SOURCE DATA START
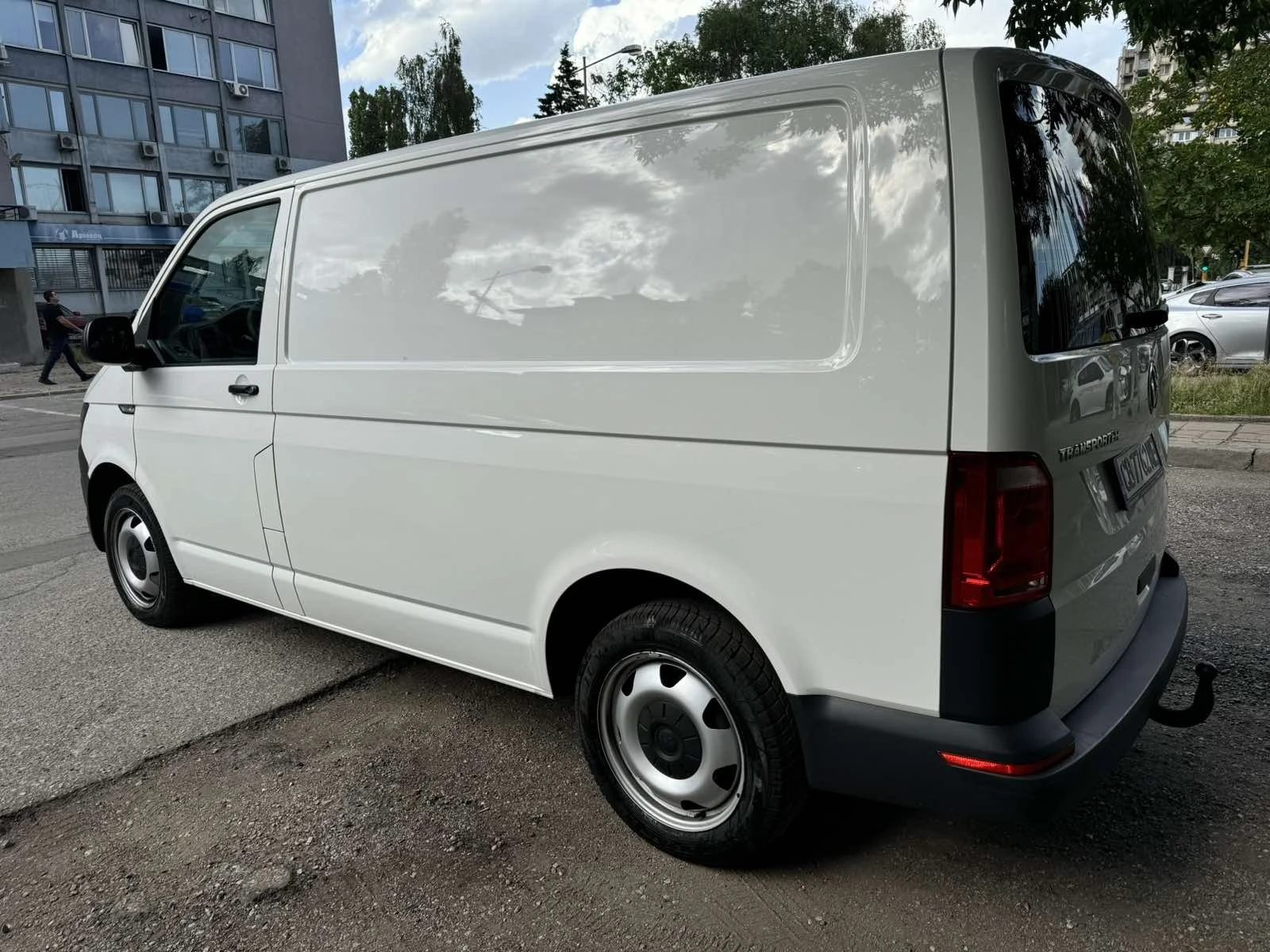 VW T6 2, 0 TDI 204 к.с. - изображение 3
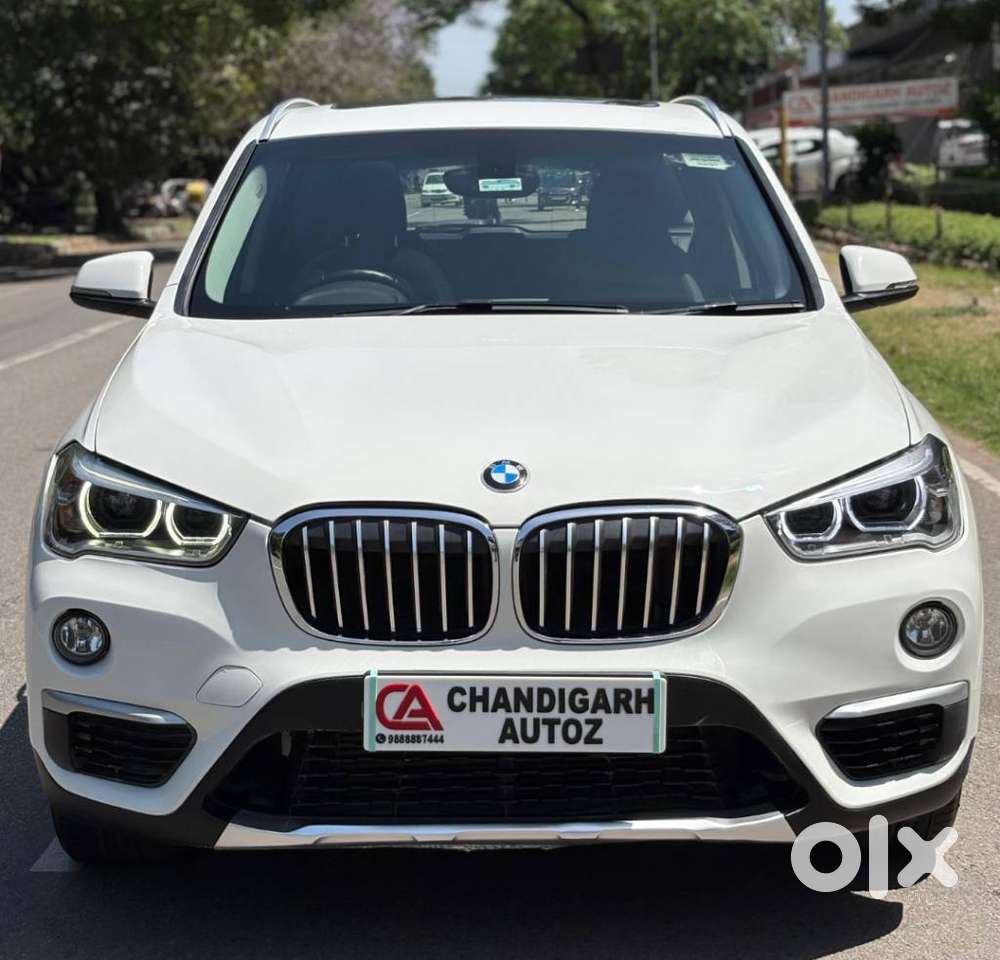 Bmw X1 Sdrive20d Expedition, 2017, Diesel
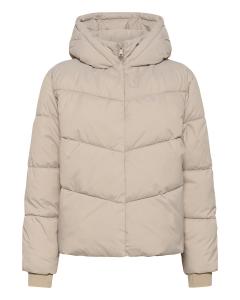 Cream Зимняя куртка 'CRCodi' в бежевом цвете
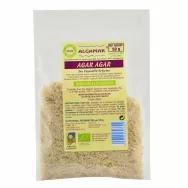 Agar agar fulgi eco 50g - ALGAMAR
SOURCE DATA END
EXERCISE AIM: Leave out the pictures, and retype exactly the lines from the one containing "Bmw X1 Sdrive20d Expedition, 2017, Diesel" through the last line of the data above, no more and no less.

ANSWER SECTION:
 Bmw X1 Sdrive20d Expedition, 2017, Diesel
 Cream Зимняя куртка 'CRCodi' в бежевом цвете
 Agar agar fulgi eco 50g - ALGAMAR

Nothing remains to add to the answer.